Wer hätte das erwartet? Ein Komponist verteidigt sich und sein bei der Presse durchgefallenes Werk in einem offenen Brief an die Hessischen Nachrichten, indem er betont, dass sein Mitarbeiter und er sich »seit sechs Jahren jede ästhetische Ambition versagen.«1 Ein Kunstwerk ohne Kunstanspruch – wie hat man sich das vorzustellen?

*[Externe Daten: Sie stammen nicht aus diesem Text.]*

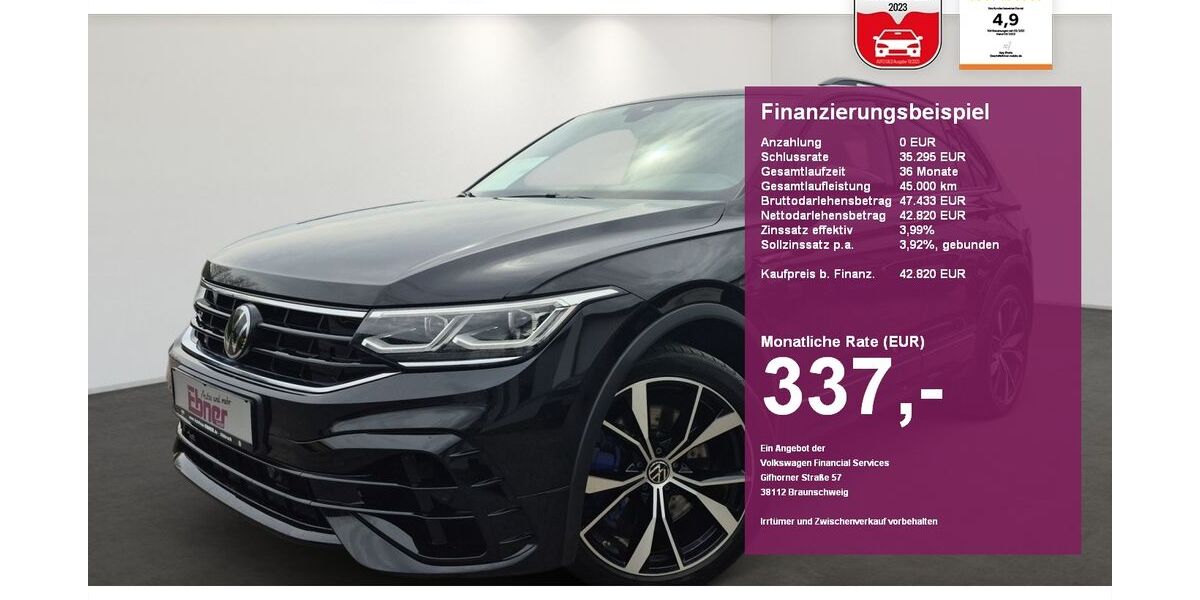 VW Tiguan 29.200 km 42.820 &euro; Albbruck 79774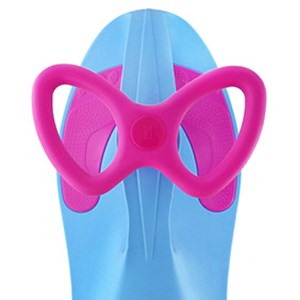 سه چرخه لوپ کار چرخ ژله ای چراغدار آبی سرخابی LOOPCAR _اسباب بازی دوچرخه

Wer sich hier öffentlich von künstlerischen Ambitionen freispricht, ist Pierre Schaeffer (1910–1995), französischer Ingenieur, Komponist und Erfinder der sogenannten »Musique concrète« (kurze Beschreibung folgt weiter unten). Zur Vorgeschichte: Bei den Donaueschinger Musiktagen wurde am Samstag, den 10. Oktober 1953, Orphée 53 – ein Gemeinschaftswerk von Pierre Schaeffer und Pierre Henry – uraufgeführt. Es handelt sich dabei um eine moderne Form der Oper, oder wie es im Untertitel heißt: um ein Spectacle lyrique, für Magnetband, Gesang und Cembalo. Die überwiegend negativen Stimmen aus Publikum und Presse werfen den Urhebern Dilettantismus vor, die Klänge des Werks seien unmenschlich und könnten nicht mehr als Musik bezeichnet werden.